Somewhere below are a line with "Villa in vendita" and a later line with "IG: AllThingsStepheni". Output exactly those lines and all lines between them.

▶

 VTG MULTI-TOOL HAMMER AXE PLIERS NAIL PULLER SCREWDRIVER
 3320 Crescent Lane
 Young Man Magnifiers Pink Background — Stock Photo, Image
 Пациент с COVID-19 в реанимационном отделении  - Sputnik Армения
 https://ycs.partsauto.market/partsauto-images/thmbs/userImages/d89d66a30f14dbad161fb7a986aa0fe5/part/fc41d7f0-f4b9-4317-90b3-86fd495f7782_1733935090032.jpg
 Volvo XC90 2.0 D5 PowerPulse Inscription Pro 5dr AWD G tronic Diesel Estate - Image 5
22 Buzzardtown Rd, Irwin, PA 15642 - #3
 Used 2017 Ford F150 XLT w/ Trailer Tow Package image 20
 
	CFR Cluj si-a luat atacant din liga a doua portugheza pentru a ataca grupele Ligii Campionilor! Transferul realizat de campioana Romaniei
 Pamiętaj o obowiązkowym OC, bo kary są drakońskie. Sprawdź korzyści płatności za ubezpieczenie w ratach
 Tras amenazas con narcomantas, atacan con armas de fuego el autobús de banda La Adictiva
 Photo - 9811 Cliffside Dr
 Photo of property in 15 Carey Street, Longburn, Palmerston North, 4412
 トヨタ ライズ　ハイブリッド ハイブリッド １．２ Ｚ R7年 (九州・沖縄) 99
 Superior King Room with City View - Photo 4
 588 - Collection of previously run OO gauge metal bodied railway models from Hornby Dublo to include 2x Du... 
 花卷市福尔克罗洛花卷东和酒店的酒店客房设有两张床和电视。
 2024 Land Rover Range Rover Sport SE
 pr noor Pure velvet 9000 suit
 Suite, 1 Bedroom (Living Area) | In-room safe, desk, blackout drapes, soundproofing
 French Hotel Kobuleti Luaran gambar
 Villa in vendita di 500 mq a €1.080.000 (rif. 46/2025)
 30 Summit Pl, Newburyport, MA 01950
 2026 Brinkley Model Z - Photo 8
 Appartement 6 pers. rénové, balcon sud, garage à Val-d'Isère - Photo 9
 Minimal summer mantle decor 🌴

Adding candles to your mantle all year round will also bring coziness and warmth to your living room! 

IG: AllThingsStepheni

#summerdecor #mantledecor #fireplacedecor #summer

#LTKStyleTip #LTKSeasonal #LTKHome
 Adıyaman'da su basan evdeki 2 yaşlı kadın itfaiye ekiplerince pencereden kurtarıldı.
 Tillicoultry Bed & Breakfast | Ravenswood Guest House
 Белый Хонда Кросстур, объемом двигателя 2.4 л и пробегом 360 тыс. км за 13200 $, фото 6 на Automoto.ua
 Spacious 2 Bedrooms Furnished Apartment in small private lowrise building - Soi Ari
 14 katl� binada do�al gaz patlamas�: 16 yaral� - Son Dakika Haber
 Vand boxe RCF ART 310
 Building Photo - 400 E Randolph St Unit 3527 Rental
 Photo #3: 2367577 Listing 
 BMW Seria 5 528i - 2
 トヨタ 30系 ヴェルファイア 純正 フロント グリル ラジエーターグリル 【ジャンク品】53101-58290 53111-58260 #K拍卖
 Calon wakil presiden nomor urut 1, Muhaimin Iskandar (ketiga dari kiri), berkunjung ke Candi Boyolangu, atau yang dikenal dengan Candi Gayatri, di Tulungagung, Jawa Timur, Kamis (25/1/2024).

◀

* _Worked solution_
 Villa in vendita di 500 mq a €1.080.000 (rif. 46/2025)
 30 Summit Pl, Newburyport, MA 01950
 2026 Brinkley Model Z - Photo 8
 Appartement 6 pers. rénové, balcon sud, garage à Val-d'Isère - Photo 9
 Minimal summer mantle decor 🌴

Adding candles to your mantle all year round will also bring coziness and warmth to your living room! 

IG: AllThingsStepheni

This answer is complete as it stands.